Data excerpts Block Start

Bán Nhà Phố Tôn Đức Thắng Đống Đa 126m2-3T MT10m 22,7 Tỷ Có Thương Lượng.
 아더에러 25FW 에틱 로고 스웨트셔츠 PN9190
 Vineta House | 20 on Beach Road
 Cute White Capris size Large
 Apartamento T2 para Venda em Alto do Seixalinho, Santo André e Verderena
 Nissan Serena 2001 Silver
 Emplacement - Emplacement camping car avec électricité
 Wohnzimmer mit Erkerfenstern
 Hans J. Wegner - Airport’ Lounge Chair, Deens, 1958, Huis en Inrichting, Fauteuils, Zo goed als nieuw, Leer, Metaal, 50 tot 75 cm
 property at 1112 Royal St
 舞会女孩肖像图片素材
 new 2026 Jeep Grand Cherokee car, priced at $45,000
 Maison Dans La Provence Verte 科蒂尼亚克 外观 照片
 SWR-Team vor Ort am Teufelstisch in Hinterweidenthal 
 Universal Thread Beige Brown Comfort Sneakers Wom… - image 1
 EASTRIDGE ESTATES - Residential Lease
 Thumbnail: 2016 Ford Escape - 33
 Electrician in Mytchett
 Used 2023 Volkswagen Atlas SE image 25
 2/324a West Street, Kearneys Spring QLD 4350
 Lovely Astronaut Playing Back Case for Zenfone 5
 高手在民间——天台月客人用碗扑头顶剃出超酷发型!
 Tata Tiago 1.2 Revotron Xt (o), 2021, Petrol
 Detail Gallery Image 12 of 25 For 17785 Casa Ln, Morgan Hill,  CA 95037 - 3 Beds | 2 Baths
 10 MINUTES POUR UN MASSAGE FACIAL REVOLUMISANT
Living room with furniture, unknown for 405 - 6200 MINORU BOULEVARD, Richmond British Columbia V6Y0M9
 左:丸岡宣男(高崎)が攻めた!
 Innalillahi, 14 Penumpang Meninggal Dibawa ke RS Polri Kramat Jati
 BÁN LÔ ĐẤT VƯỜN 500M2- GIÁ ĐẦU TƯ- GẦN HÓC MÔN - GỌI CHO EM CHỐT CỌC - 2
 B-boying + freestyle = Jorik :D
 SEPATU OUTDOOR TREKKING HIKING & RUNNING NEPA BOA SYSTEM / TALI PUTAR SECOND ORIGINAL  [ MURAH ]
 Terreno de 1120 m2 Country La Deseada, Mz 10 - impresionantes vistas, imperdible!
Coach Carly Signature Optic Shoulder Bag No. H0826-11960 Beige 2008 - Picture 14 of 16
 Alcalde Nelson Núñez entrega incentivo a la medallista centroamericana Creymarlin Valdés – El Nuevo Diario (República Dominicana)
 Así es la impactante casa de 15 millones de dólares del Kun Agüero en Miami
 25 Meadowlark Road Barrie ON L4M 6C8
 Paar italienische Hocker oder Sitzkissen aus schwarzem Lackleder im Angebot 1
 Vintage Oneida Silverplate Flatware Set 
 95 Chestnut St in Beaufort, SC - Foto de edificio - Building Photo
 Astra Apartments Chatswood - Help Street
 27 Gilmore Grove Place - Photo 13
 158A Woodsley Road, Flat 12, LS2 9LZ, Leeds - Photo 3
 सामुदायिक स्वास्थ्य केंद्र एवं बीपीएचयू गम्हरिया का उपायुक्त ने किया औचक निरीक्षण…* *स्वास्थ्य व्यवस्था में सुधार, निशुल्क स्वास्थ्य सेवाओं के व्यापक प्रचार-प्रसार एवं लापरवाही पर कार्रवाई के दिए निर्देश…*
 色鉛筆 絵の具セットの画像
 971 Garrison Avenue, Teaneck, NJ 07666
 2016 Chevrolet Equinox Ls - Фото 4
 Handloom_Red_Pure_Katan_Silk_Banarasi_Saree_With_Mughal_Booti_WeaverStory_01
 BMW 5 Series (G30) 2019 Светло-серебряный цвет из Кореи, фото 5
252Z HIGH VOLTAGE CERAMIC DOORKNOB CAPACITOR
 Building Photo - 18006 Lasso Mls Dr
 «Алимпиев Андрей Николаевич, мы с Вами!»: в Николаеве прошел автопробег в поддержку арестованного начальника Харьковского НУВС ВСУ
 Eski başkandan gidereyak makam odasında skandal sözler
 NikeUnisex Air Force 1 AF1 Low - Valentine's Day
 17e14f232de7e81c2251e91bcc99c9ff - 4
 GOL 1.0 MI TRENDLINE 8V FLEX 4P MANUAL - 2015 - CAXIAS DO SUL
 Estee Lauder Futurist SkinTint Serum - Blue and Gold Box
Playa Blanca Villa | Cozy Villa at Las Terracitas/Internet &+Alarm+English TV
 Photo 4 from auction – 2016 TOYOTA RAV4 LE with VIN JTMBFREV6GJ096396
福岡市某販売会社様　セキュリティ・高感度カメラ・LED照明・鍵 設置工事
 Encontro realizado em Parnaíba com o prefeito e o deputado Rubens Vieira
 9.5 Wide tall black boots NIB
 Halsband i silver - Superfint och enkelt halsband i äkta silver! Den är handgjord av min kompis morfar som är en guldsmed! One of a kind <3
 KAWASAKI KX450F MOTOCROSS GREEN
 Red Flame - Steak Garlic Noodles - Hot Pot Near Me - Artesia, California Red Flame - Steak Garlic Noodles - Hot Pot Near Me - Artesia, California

Data excerpts Block End

* **Exercise brief**
For every line in the data above that holds "Photo", return the line itself.

* **Task answer**
 95 Chestnut St in Beaufort, SC - Foto de edificio - Building Photo
 27 Gilmore Grove Place - Photo 13
 158A Woodsley Road, Flat 12, LS2 9LZ, Leeds - Photo 3
 Building Photo - 18006 Lasso Mls Dr
 Photo 4 from auction – 2016 TOYOTA RAV4 LE with VIN JTMBFREV6GJ096396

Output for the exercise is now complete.